> _WORK ITEM_
Data follows below. Repeat exactly the lines between the line holding "2021 New Men" and the line holding "Skarpety turystyczne Mons", inclusive, and nothing more; drop pictures.

> _INPUT DATA_

----------

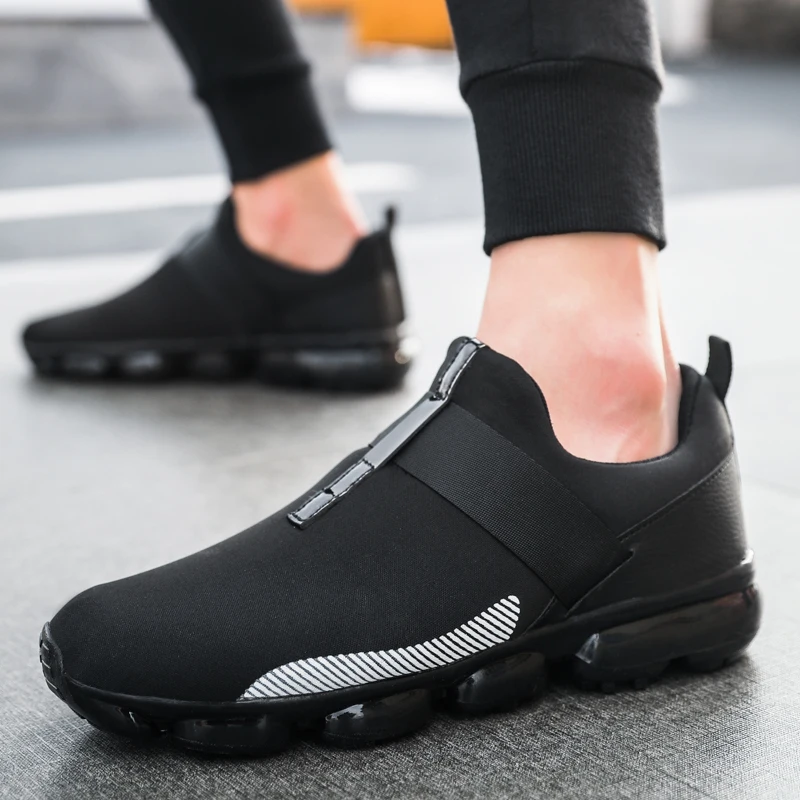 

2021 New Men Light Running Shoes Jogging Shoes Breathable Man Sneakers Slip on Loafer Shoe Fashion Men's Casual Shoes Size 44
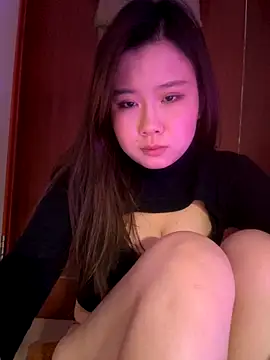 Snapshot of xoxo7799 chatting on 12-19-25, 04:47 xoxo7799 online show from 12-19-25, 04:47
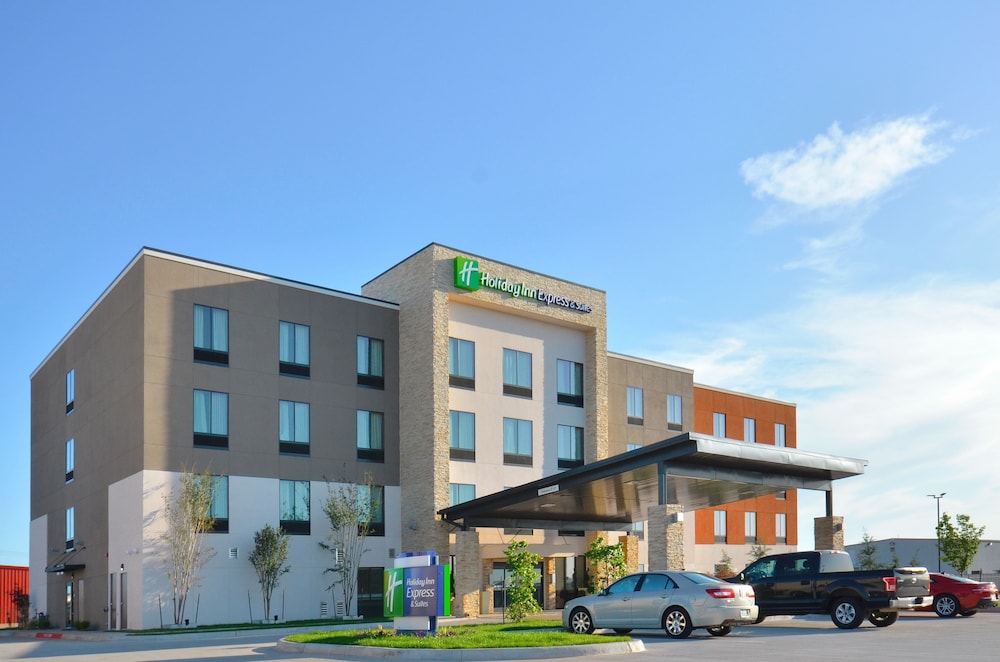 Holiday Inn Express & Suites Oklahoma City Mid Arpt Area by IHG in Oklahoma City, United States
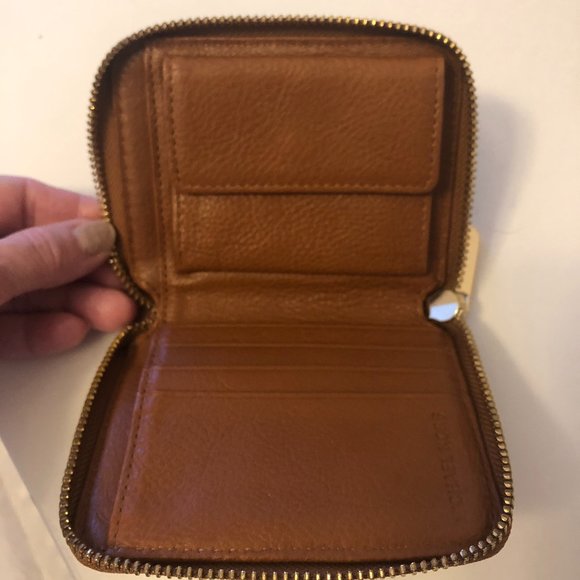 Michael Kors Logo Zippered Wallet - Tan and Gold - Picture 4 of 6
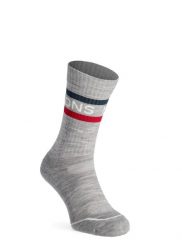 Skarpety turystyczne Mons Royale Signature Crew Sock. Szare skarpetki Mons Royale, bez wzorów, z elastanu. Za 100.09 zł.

----------

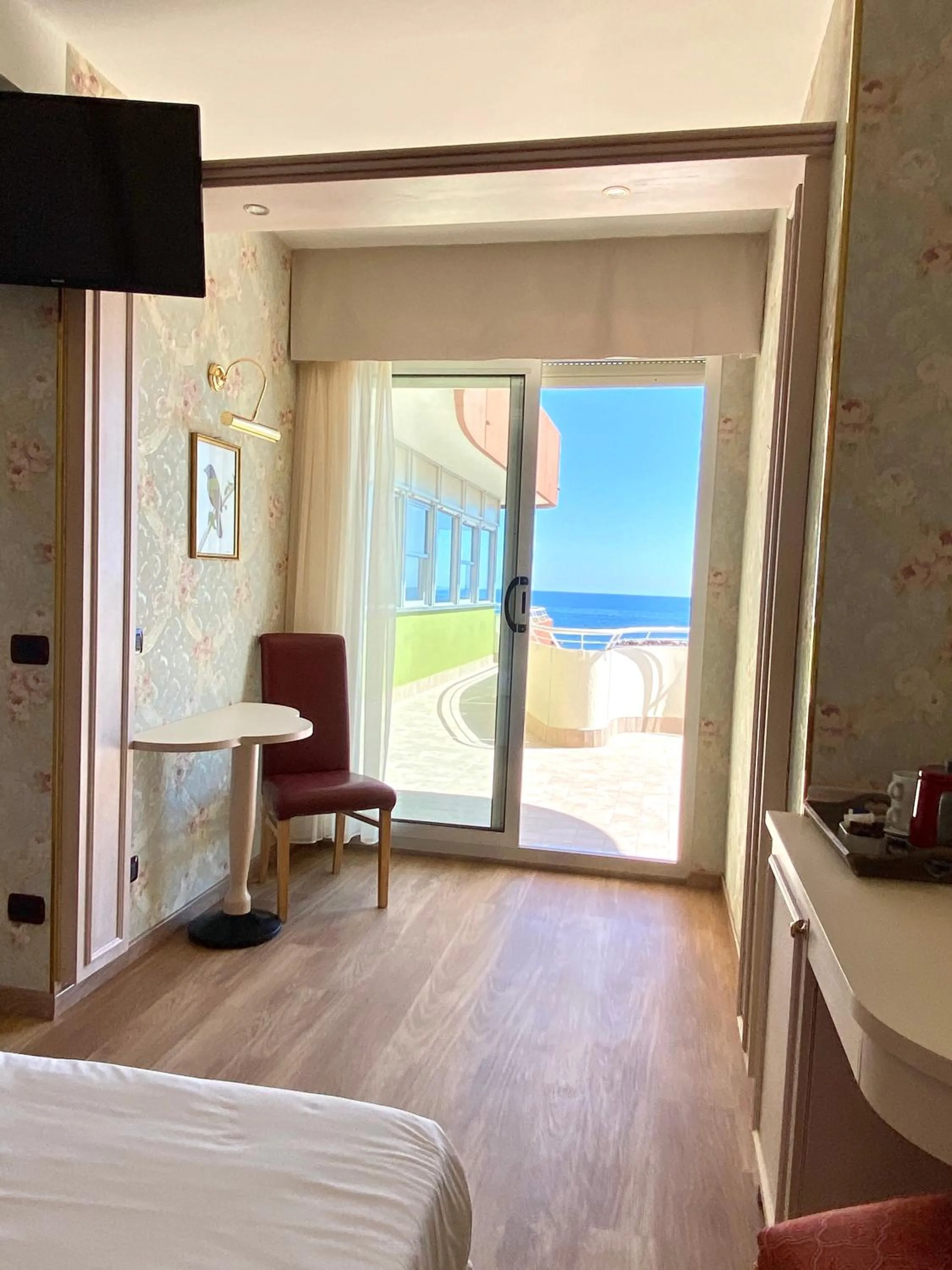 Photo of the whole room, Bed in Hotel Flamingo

----------

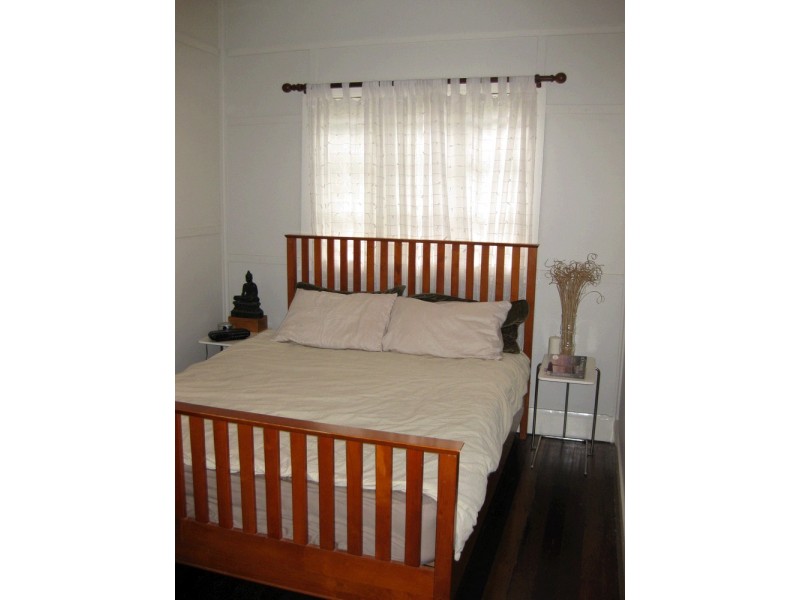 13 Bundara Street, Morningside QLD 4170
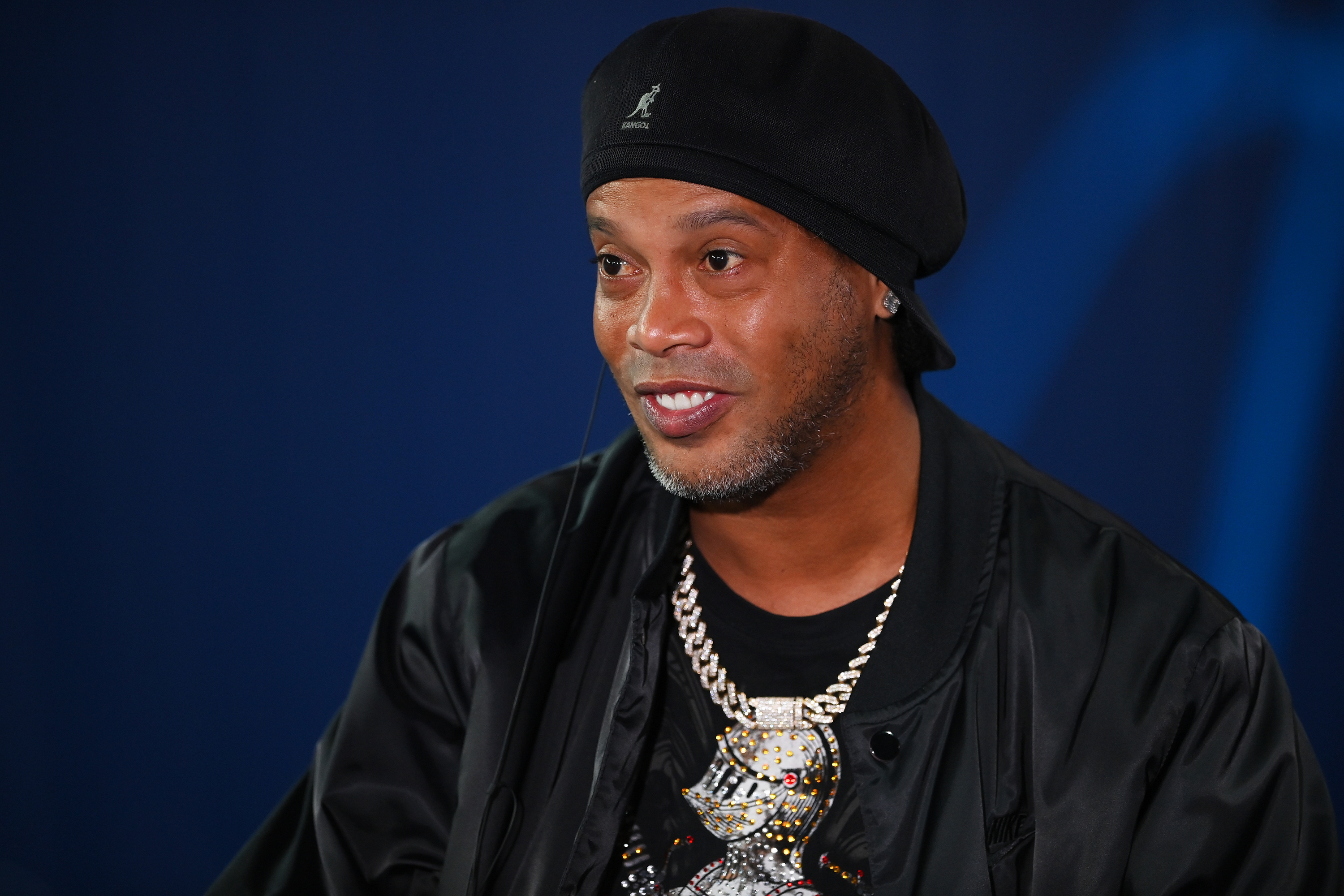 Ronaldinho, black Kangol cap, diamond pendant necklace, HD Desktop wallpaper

----------

> _SOLUTION FOR THIS TASK_
2021 New Men Light Running Shoes Jogging Shoes Breathable Man Sneakers Slip on Loafer Shoe Fashion Men's Casual Shoes Size 44
 Snapshot of xoxo7799 chatting on 12-19-25, 04:47 xoxo7799 online show from 12-19-25, 04:47
 Holiday Inn Express & Suites Oklahoma City Mid Arpt Area by IHG in Oklahoma City, United States
 Michael Kors Logo Zippered Wallet - Tan and Gold - Picture 4 of 6
 Skarpety turystyczne Mons Royale Signature Crew Sock. Szare skarpetki Mons Royale, bez wzorów, z elastanu. Za 100.09 zł.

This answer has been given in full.